Nos últimos meses, a trajetória de O Agente Secreto pela temporada de premiações de Hollywood trouxe olhares e um prestígio global inédito para o cinema realizado em Pernambuco. O feito parte da capacidade criativa do diretor Kleber Mendonça Filho, mas também da estrada pavimentada por décadas de maturação de políticas públicas, fruto de muita luta do setor, criando de um ecossistema que envolve possibilidades de produção e exibição que tornam Pernambuco um polo de destaques no panorama nordestino e nacional.
Mas e daqui para frente, o que é necessário para a sobrevivência e a expansão da produção cinematográfica pernambucana? Produtores e especialistas apontam que os caminhos passam por aprimoramentos e atualizações nos mecanismos já consolidados de fomento, abertura para outros mecanismos de captação de recursos e a solidificação do mercado, o estímulo à descentralização da produção e a proatividade na formação de público e na preservação da memória audiovisual.
No cenário das políticas públicas de fomento à cadeia audiovisual, o Fundo Pernambucano de Incentivo à Cultura (Funcultura), que desde 2007 conta com uma edição própria para o setor do audiovisual, vem sendo uma ferramenta central. Para Mannu Costa, realizadora cultural e professora do curso de Cinema e Audiovisual da Universidade Federal de Pernambuco, o fundo é um destaque nas políticas de fomento desenvolvidas no Nordeste, pioneiro em questões como separação das demais linguagens artísticas e na implementação de indutores e cotas para gênero, raça e distribuição regional.
“A participação da sociedade civil foi um ponto fundamental para a existência da política, desde sua gênese, até sua permanência nos dias atuais. O fomento, que inspirou outras políticas regionais no país, foi em grande parte responsável pelo processo de estruturação da cadeia local”, destaca Mannu Costa sobre o desenvolvimento do fundo.

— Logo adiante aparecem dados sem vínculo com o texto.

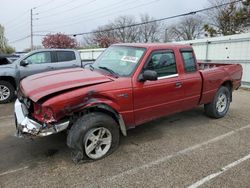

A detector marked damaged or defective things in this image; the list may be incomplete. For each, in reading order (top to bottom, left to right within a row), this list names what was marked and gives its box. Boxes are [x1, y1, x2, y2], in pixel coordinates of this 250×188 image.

crumpled hood [21, 68, 114, 102]
damaged front end [14, 99, 70, 137]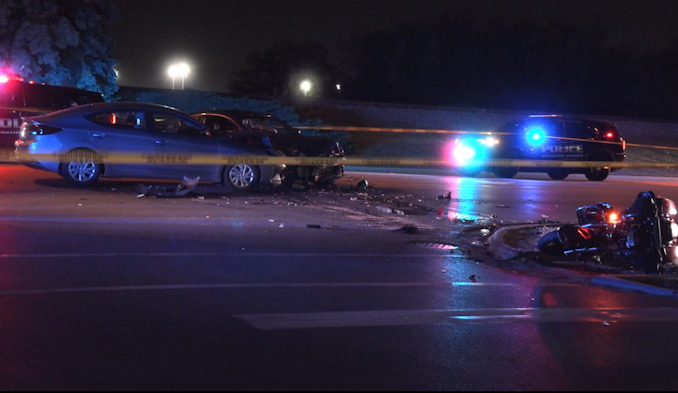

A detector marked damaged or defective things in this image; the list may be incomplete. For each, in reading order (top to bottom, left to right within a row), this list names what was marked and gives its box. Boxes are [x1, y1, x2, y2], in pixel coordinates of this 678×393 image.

crashed motorcycle [540, 190, 678, 272]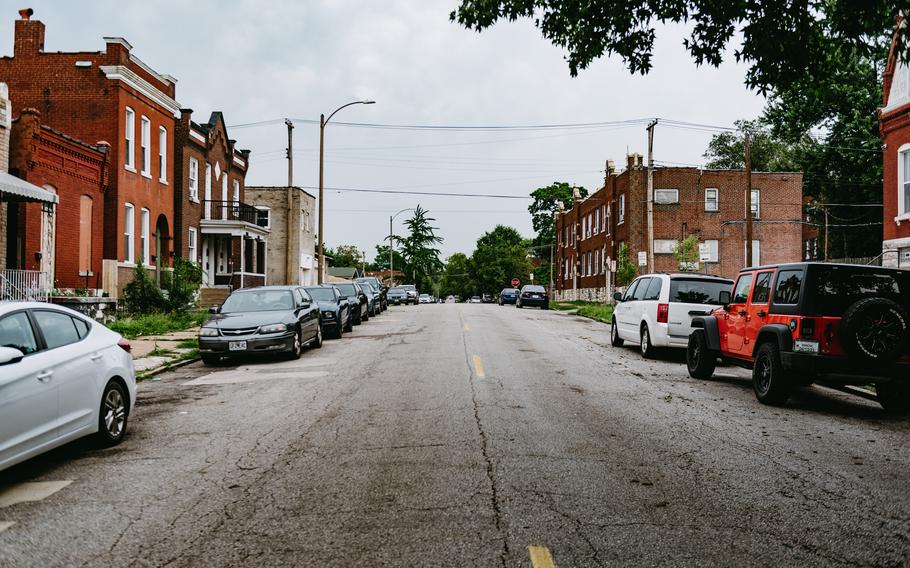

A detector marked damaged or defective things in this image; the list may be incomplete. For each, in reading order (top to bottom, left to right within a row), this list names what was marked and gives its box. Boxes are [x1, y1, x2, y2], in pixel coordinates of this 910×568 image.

cracked asphalt road [1, 304, 910, 564]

Contudo, ela aponta que, por mais que ainda se trate de uma ferramenta central na política pública do estado, o Funcultura ainda enfrenta desafios. Os valores praticados hoje estão, na avaliação de Costa, desfasados. O último edital, lançado em janeiro, totaliza R$ 11 milhões em recursos, distribuídos entre 14 categorias de produção, distribuição, formação, pesquisa e preservação. Seu aporte já chegou a R$ 20 milhões, quando contava também com recursos federais do Fundo Setorial do Audiovisual.
A Fundação do Patrimônio Histórico e Artístico de Pernambuco (Fundarpe) afirma que o valor mínimo previsto para o Funcultura é de R$ 32 milhões, sendo R$ 9,28 milhões para o edital específico do setor audiovisual. A Fundarpe destaca que em 2025 houve um aporte adicional de R$ 7 milhões no valor global, garantindo os R$ 11,3 milhões atuais. Com o incremento, várias linhas passaram por reajustes, como a de longa-metragem, cujo teto dos projetos passou de R$ 700 mil para R$ 1 milhão.

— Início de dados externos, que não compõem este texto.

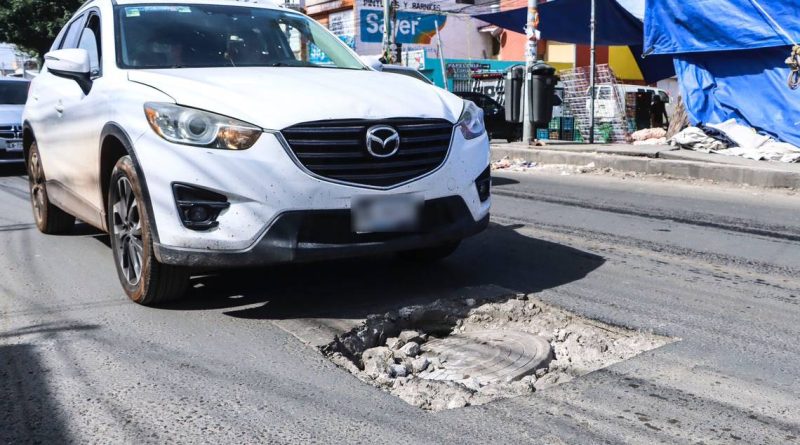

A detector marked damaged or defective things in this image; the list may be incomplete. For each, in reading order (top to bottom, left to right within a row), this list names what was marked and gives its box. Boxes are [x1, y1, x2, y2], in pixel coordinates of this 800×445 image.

pothole in road [318, 294, 676, 412]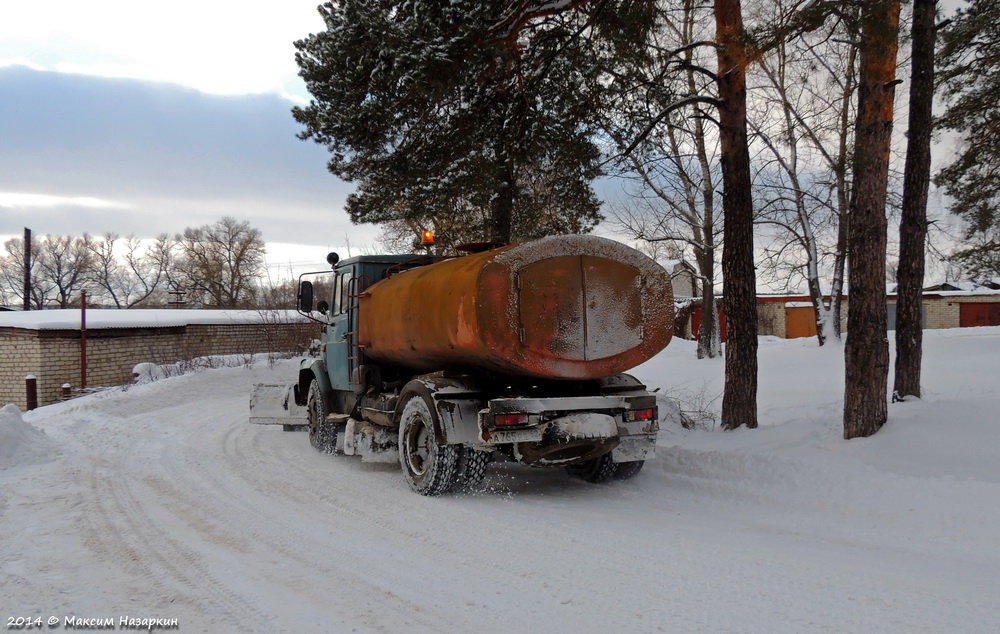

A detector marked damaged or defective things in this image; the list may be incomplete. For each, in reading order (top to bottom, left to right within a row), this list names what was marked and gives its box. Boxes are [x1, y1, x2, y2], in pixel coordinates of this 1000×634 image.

rusty tanker truck [249, 233, 672, 494]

Outro ponto trazido pela professora é o enfraquecimento do processo seletivo para a aprovação de projetos. Ela pontua recuos na chamada pública, qualificação e fluxo de trabalho dos pareceristas, responsáveis pelas análises dos projetos submetidos ao edital. “Antes havia uma especificidade dos pareceristas, pessoas com reconhecida atuação no segmento do audiovisual, além de um processo com fluxos de tempo adequados e espaços para debates e trocas de impressões entre os profissionais”, relembra a professora, avaliando que o processo não traz garantias importantes para uma seleção justa.
Em nota, a Fundarpe diz que a seleção de pareceristas “segue critérios técnicos de formação acadêmica, experiência profissional na área cultural escolhida, atuação prévia em análise de projetos e experiência em gestão de políticas culturais”. A instituição ainda aponta que o julgamento dos pareceristas são acompanhados pela Comissão Deliberativa do Funcultura (colegiado tripartite com representantes da sociedade civil e poder público), a Coordenadoria de Audiovisual da Secretaria de Cultura e equipe técnica da Unidade de Julgamento e Capacitação.

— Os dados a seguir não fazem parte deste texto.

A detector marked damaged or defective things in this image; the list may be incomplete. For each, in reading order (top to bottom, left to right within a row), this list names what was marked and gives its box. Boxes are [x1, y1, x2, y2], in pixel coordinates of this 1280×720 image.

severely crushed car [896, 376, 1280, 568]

Para além do Funcultura, outros editais de fomento que se agregam no ecossistema do cinema pernambucano: o SIC, da Prefeitura do Recife; editais emergenciais como Lei Aldir Blanc e Lei Paulo Gustavo; e o vindouro edital federal de Arranjos Regionais, lançado oficialmente na última terça-feira (24), pela ministra Margareth Menezes, no Cinema São Luiz. A professora aponta que as gestões também precisam construir outros caminhos para a solidificação do mercado audiovisual.
“Quando falo da insuficiência, refiro-me também à necessidade do Estado atuar em outras frentes, como na captação de negócios para os agentes do setor, fomentar a estruturação das empresas locais, identificar lacunas e áreas de sombra na cadeia local e atuar na promoção dos negócios regionais, posto que há certa maturidade no mercado pernambucano”, diz Mannu.

É um trabalho que vem sendo desenvolvido globalmente pelas chamadas film comissions, com experiências bem implementadas em estados como São Paulo, Rio de Janeiro e Bahia. Em Pernambuco, a capital conta com a Recife Film Comission, criada em abril de 2025 e vinculada à Secretaria de Desenvolvimento Econômico da Prefeitura do Recife. De acordo com a assessoria, o órgão tem atuado na centralização dos processos de autorização de filmagem na cidade, articulada com outros órgãos municipais; na formação, com workshop; no apoio à distribuição; além de iniciativas transversais de turismo e cultura.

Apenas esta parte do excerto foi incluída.